Sunday, December 5, 2010

Enchanting

That's the best word I can use to describe this past year.

As my LBB turns one, I look back on this past year and am amazed by so many things...how quick it's flown by. And amazed by every little moment of it. All the smiles. All the sleepless nights. All the hugs. All the cuddles.

The firsts...first Christmas. First smile. First Easter. First time crawling. Those first unsure steps (although he is still being stubborn about this. :) He can walk, he just chooses not to.) His first words. And all the little firsts that quietly slip in each and every day as our LBB learns and explores this world.

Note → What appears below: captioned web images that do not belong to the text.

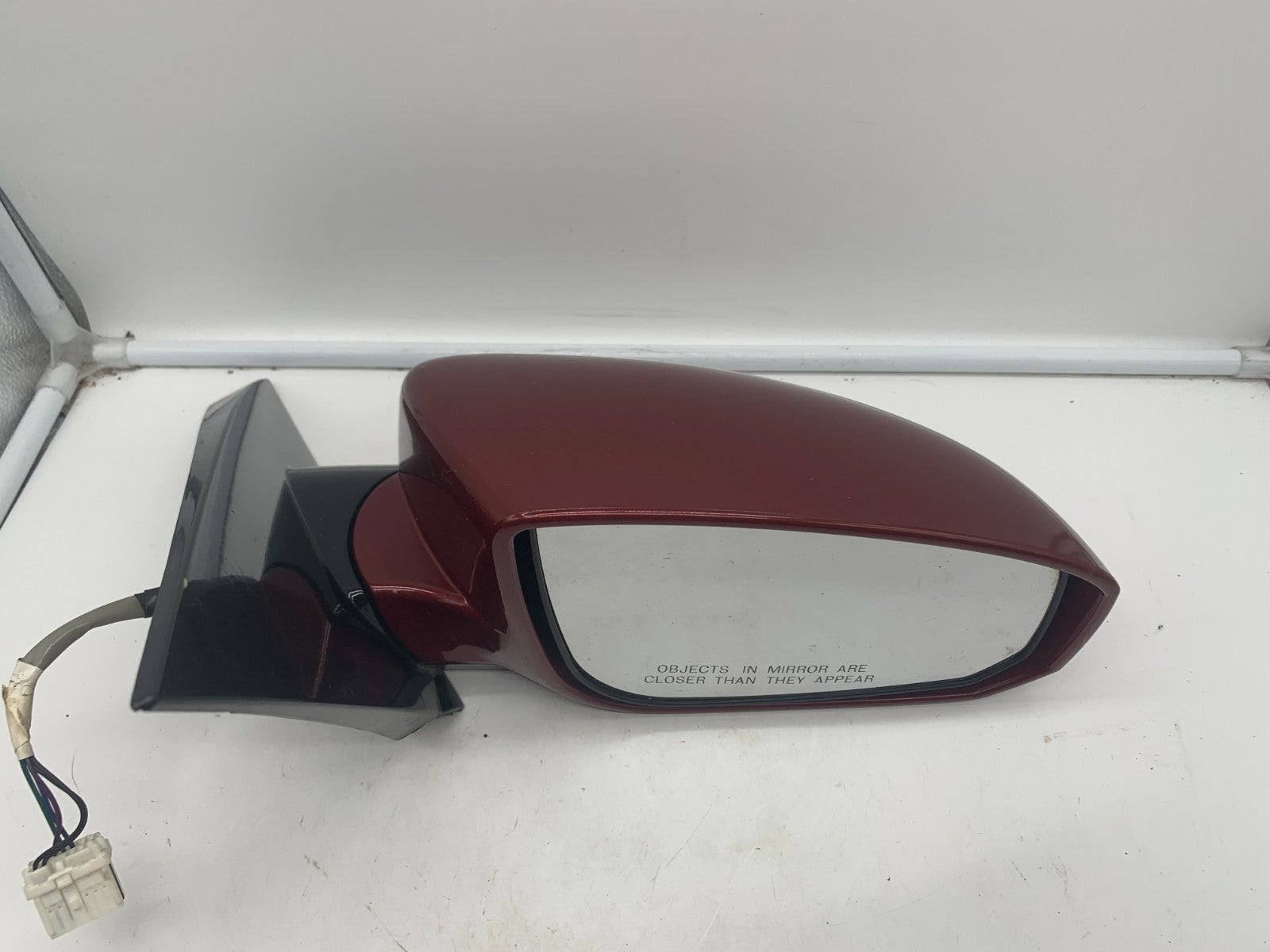 2004-2008 Nissan Maxima Passenger Side View Power Door Mirror Red OEM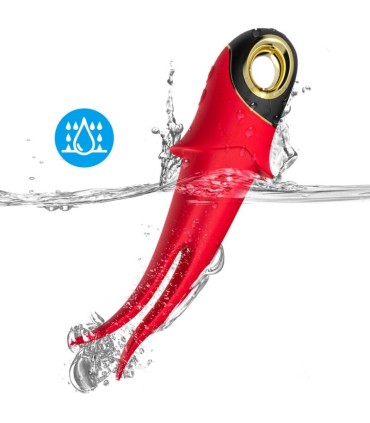 ARMONY SHADOW VIBRATOR DOUBLE HEAD TEASING RED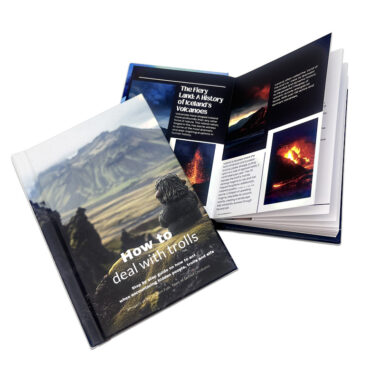 Premium custom hardcover book printing with high-quality binding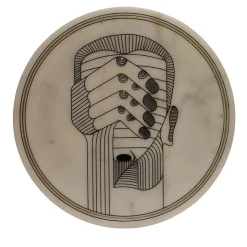 Editions Milano Piatto decorativo Marblelous X di Federico Pepe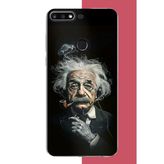 Huawei Y7 2018 - Honor 7C Uyumlu Einstein Baskılı Silikon Kılıf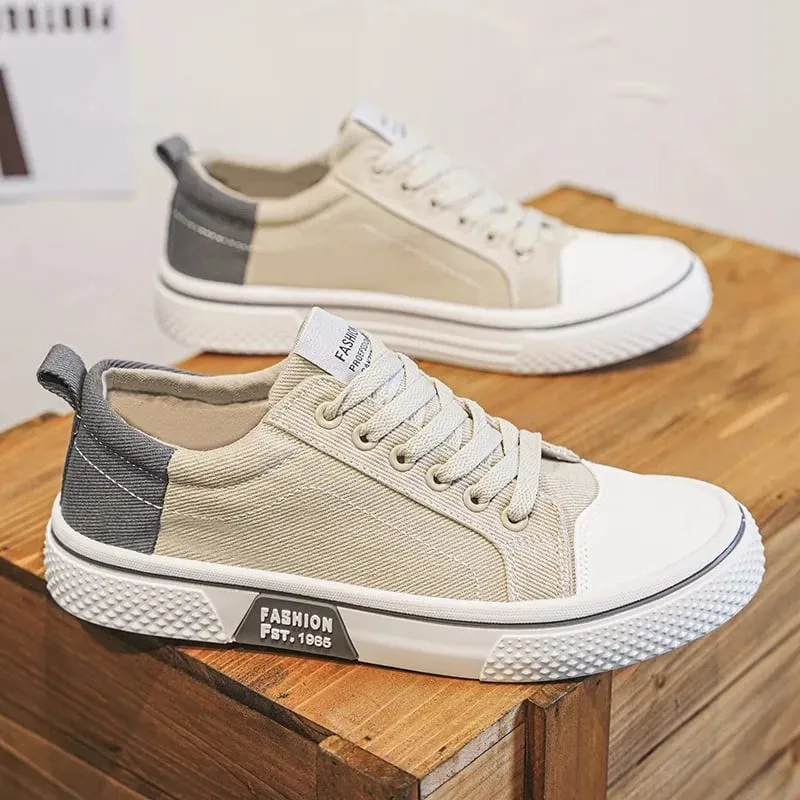 Chaussures de skateboard polyvalentes et respirantes pour hommes, chaussures de sport décontractées à fond souple, tendance, en toile, tailles 37 à 48, nouvelle collection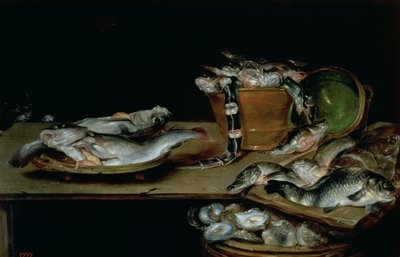 Still Life with Fish by Alexander van Adriaenssen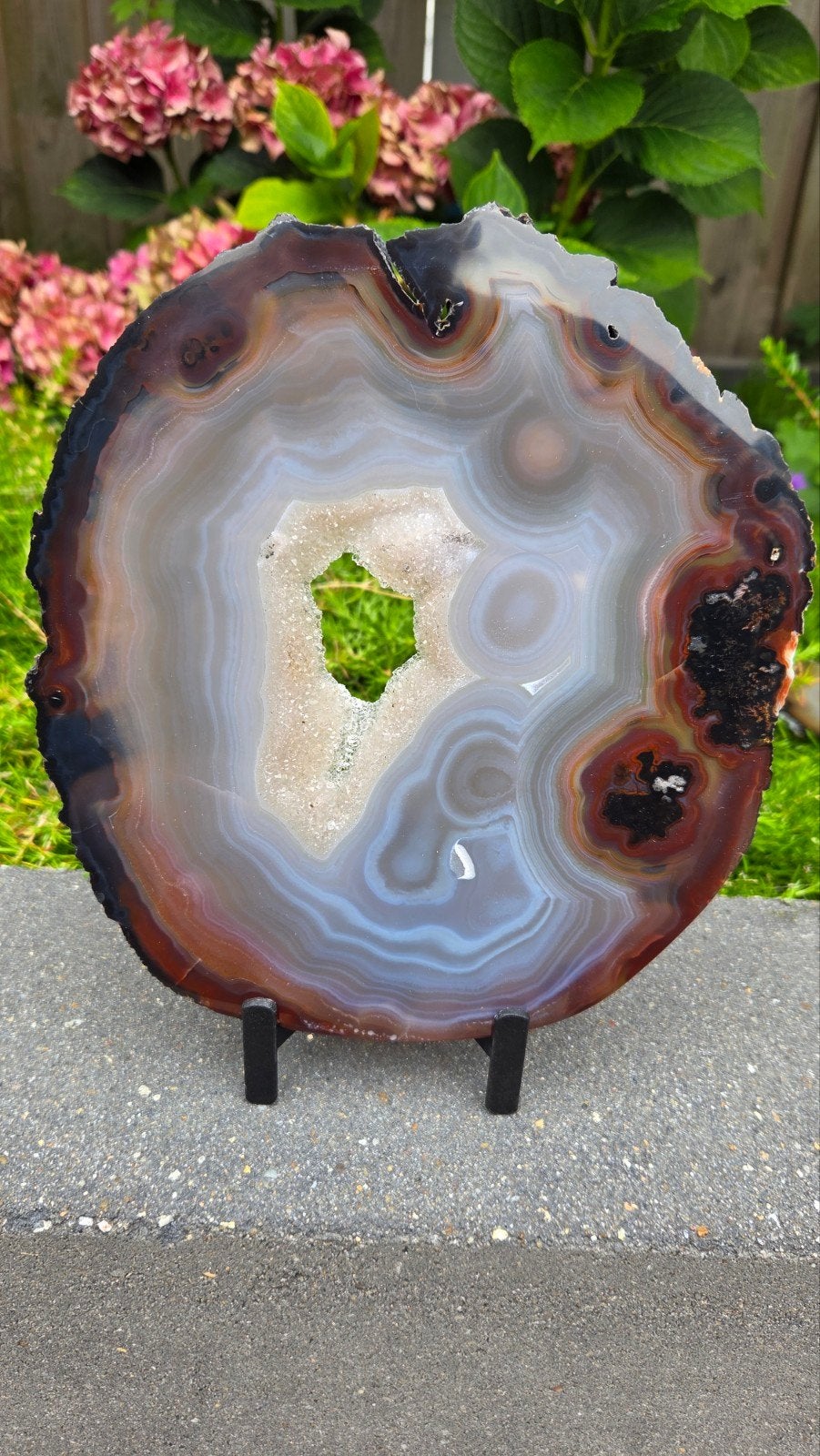 unieke agaat slab, Verzamelen, Mineralen en Fossielen, Ophalen of Verzenden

He is an amazing kid...and I know I'm most likely biased seeing as how I'm Mommy and all that. But everyday he does something that takes my breath away. Does something that amazes me. And something that just plain makes me laugh. If I were to post everytime he did something that struck me as funny, sweet, smart, or just plain adorable...I'd never leave the computer (and as a result, miss all those funny, sweet, smart, adorable moments!)

Not to say that this first year hasn't been filled with moments of worry. Or moments of pure exhaustion. All those typical first year experiences...worrying if my LBB was eating right. Worrying when he bumps his head. Being exhausted that first month when everything in our world was being turned upside down and we had a newborn that we were cherishing but trying to figure out (the joys of first time parenting. :) ) But in the long run, I wouldn't trade any of those trying moments for a thing...those moments make you cherish all the other moments even more.

The moment I held LBB in my arms after those hours of labor, after those months of waiting, I was convinced I couldn't love him anymore than I did at that moment. But, that's the funny thing about being a mother...each and everyday my love grows more and more for him. What I once thought was insurmountable love is trumped every day when I feel like my heart is about to burst from all the love. When he gives me a big sloppy kiss my heart melts into a puddle of goop. And when he nestles up into my neck as we are saying his goodnight prayers, my eyes get misty and I feel like there is no more perfect place to be. Funny thing, love is. Especially love for your child and from your child. This past year I've learned so much about love from such a small little heaven-sent package.

He teaches me daily that while I am not close to being a perfect mother (but oh how I try!), he is the perfect son. :) He is inquistive. Funny. Loving. Caring. Stubborn. Sweet. Adorable. Flirty. Amusing. Creative. Intelligent. Relentless. Helpful. And he unconditionally loves us. What an amazing thing that is. God's goodness shines through him daily, and I never stop thanking the Lord for that.

Looking back, I am nostalgic over this past year. I miss the little things like him sleeping in our bed every night. The non-stop cuddles. The pure necessity of needing us to be with him. But, looking forward, I am loving every moment of his "growing-up". The independence. The stubborness. The excitement he has for exploring, learning, and creating.

As he grows, I love watching the traits he gets from his daddy and I. I love watching the traits that are purely his own. And I adore watching him develop and fine-tune his personality everyday.

My LBB, on this first birthday of many, I thank God for the gift of you to us. I look forward to this next year of growing, learning, exploring, creating, and just plain having fun. And I am so very thankful for everything that you teach me. For every hug and kiss that you give me. And for every single moment of every single day with you. I can't imagine a more fulfilling job than the one I have of being your Mommy. I love you so very much, my dear little LBB. HAPPY BIRTHDAY!!!!